World ignores Gypsy plight, says refugee from Nazis
A refugee from Nazi Germany who is a regular speaker in schools has published a book for children to counter prejudice against Gypsies.
Ruth Barnett, who came here on the Kindertransport from Berlin at the age of four in 1939, draws parallels between the Jewish and Gypsy experience in Jews and Gypsies, Myths and Realities.
“I have been going into schools for Holocaust education to tell my Kindertransport story for over a decade,” she explained, “and I don’t think it has its full value unless I link it with what we… are allowing to happen today.
“The persecution of Gypsies is over halfway to genocide. I think it is appalling how people are indifferent.”

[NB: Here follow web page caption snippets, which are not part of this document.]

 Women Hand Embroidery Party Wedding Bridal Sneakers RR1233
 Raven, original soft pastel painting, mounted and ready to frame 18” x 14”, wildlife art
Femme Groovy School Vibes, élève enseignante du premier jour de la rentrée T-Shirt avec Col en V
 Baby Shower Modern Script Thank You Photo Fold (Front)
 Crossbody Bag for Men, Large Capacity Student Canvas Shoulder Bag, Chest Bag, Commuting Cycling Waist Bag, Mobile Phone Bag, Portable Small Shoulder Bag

Both Jews and Gypsies were ethnic groups without a land, she pointed out. “The Nazis persecuted both as landless people and having poisonous blood that would spoil the purity of the master race they wanted to create. That’s why six million Jews and around a million Gypsies were murdered by the Nazis.”

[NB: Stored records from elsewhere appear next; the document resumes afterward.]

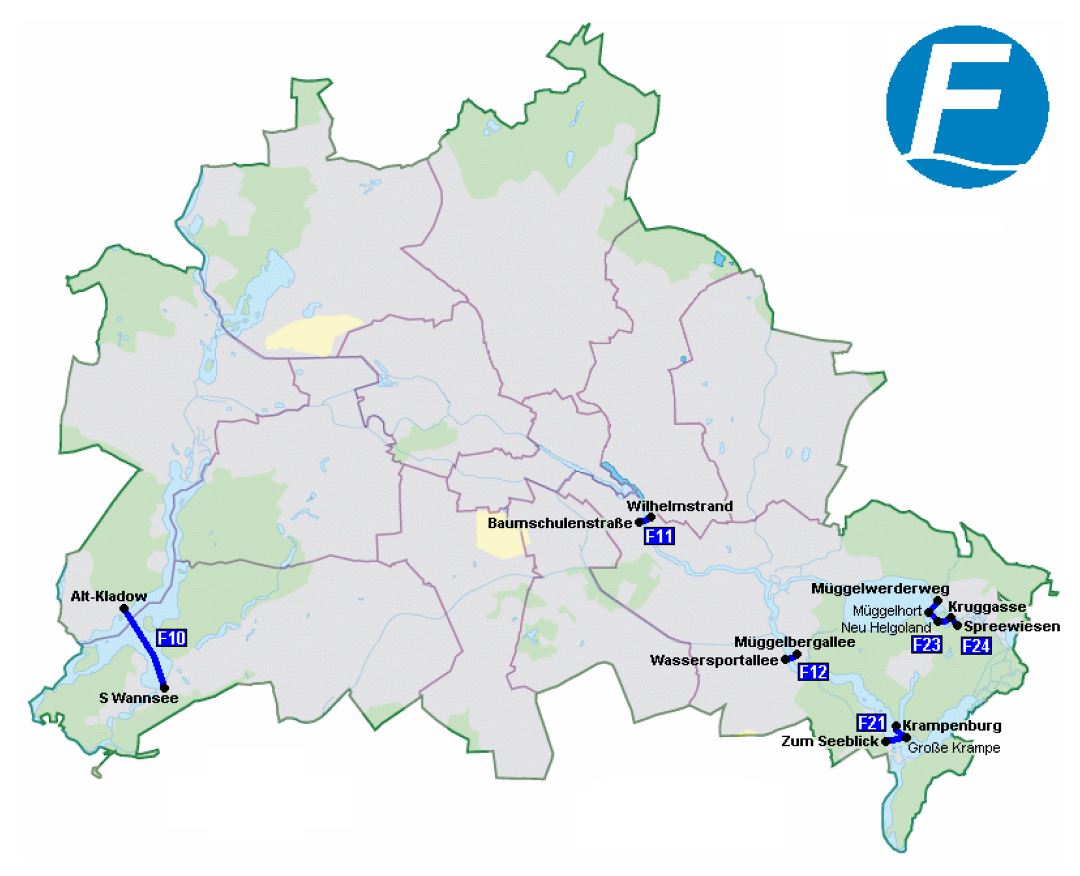 Mapa grande del ferry Berlín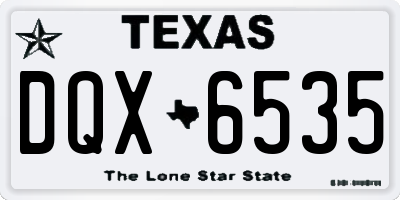 TX license plate DQX6535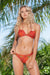 Gabrielle swimwear | Red Flame Lily Ruched Bikini Top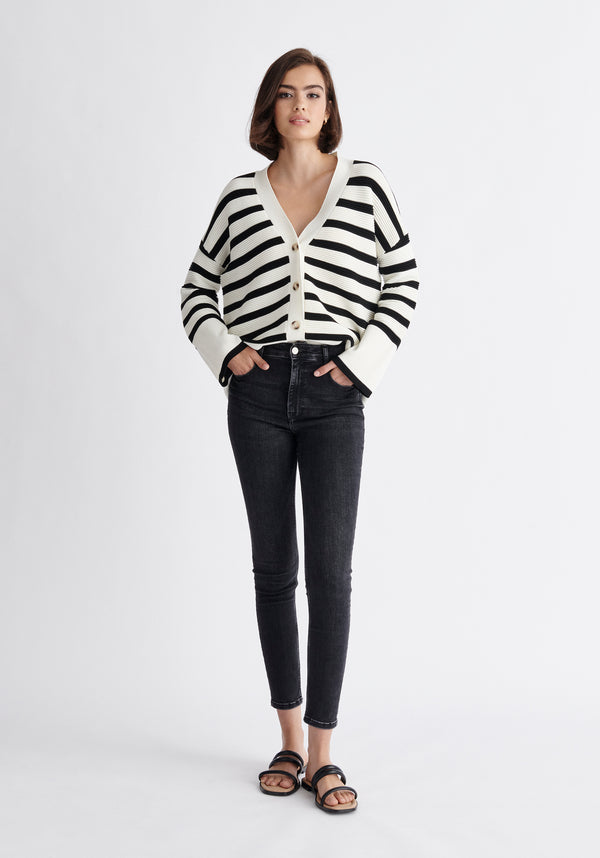Paisie Striped Ribbed Cardigan in Black and White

But the fate of the Gypsies has often been ignored, she believed.
It was an “absolute myth that Gypsy survivors have not contributed to the Holocaust literature,” she added. “I have a collection of testimonies by Sinti and Roma Gypsies but nobody takes notice of them.”
She cited the recent high-profile case of a little blonde girl called Maria, who police removed from a Roma community in Greece, suspecting she had been abducted, as an example of the problems encountered by Gypsies today.
The girl had been legitimately placed by her Romani parents with another Romani family, Mrs Barnett said.
“There are plenty of blondes in Roma circles.”